E3SM
E3SM copied to clipboard
segfault with various DEBUG land cases
When I try to run a recent test added to nightly set (which is ERS) in DEBUG, I see segfaults on cori-haswell and cori-knl using either Intel or GNU.
SMS_D.hcru_hcru.I20TRGSWCNPRDCTCBC.cori-haswell_intel.elm-erosion
SMS_D.hcru_hcru.I20TRGSWCNPRDCTCBC.cori-haswell_gnu.elm-erosion
SMS_D.hcru_hcru.I20TRGSWCNPRDCTCBC.cori-knl_inel.elm-erosion
SMS_D.hcru_hcru.I20TRGSWCNPRDCTCBC.cori-knl_gnu.elm-erosion
I only get a stack trace with one of those -- cori-haswell and Intel. The GNU cases do not give a stack trace, so assuming it is failing on same line. Same for cori-knl/Intel -- fails without a stack.

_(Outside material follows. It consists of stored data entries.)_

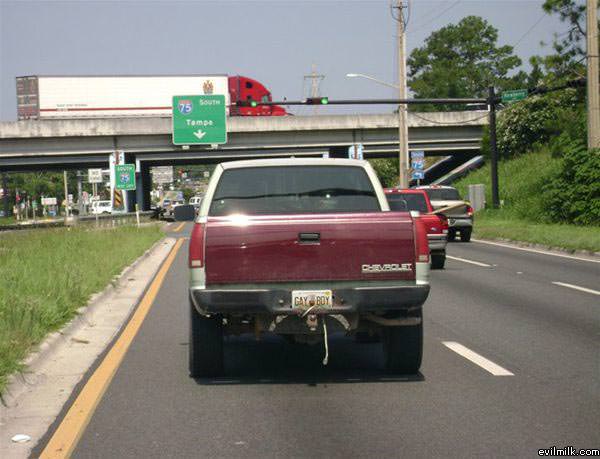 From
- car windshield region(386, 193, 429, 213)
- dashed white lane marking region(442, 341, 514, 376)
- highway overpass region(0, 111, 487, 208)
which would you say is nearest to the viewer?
dashed white lane marking region(442, 341, 514, 376)

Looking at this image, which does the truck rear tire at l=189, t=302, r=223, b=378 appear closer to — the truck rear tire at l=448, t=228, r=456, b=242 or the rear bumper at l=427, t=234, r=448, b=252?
the rear bumper at l=427, t=234, r=448, b=252

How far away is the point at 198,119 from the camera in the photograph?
→ 54.0m

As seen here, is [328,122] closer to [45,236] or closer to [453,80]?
[45,236]

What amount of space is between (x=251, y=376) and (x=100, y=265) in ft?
34.4

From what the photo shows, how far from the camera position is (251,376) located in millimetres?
8297

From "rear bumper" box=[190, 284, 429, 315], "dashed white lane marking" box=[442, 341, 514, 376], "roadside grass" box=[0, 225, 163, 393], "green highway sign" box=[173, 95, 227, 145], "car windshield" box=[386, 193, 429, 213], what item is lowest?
"dashed white lane marking" box=[442, 341, 514, 376]

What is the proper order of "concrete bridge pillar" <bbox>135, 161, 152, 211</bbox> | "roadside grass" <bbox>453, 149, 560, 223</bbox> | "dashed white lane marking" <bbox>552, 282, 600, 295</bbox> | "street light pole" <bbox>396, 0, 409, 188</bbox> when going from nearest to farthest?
"dashed white lane marking" <bbox>552, 282, 600, 295</bbox> → "roadside grass" <bbox>453, 149, 560, 223</bbox> → "street light pole" <bbox>396, 0, 409, 188</bbox> → "concrete bridge pillar" <bbox>135, 161, 152, 211</bbox>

165: forrtl: error (65): floating invalid
165: Image PC Routine Line Source
165: e3sm.exe 00000000070C9944 Unknown Unknown Unknown
165: e3sm.exe 00000000069F4620 Unknown Unknown Unknown
165: e3sm.exe 0000000000ECF35A subgridavemod_mp_ 1075 subgridAveMod.F90
165: e3sm.exe 0000000002B0EC27 cnpbudgetmod_mp_c 1148 CNPBudgetMod.F90
165: e3sm.exe 0000000002B0E20C cnpbudgetmod_mp_c 1085 CNPBudgetMod.F90
165: e3sm.exe 000000000096E160 elm_driver_mp_elm 578 elm_driver.F90
165: e3sm.exe 00000000009097CB lnd_comp_mct_mp_l 508 lnd_comp_mct.F90
165: e3sm.exe 000000000047C632 component_mod_mp_ 751 component_mod.F90
165: e3sm.exe 0000000000439C2C cime_comp_mod_mp_ 2891 cime_comp_mod.F90
165: e3sm.exe 0000000000463FAC MAIN__ 153 cime_driver.F90
165: e3sm.exe 0000000000402102 Unknown Unknown Unknown
165: e3sm.exe 000000000723AA8F Unknown Unknown Unknown
if (carr(c) /= spval .and. scale_c2l(c) /= spval .and. scale_l2g(l) /= spval) then
I knew issue looked familiar. Same as https://github.com/E3SM-Project/E3SM/issues/3786 and will close
Reopening this issue and will close the others that are older and perhaps more confusing.
Other tests known to hit same error:
SMS_D_PMx1.f19_g16.I1850CNECACNTBC.cori-knl_intel
SMS_D.f19_g16.I1850CNECACNTBC.cori-knl_intel
Should be the same as Issue #4820 . Pretty much none of the land tests can be run in DEBUG mode.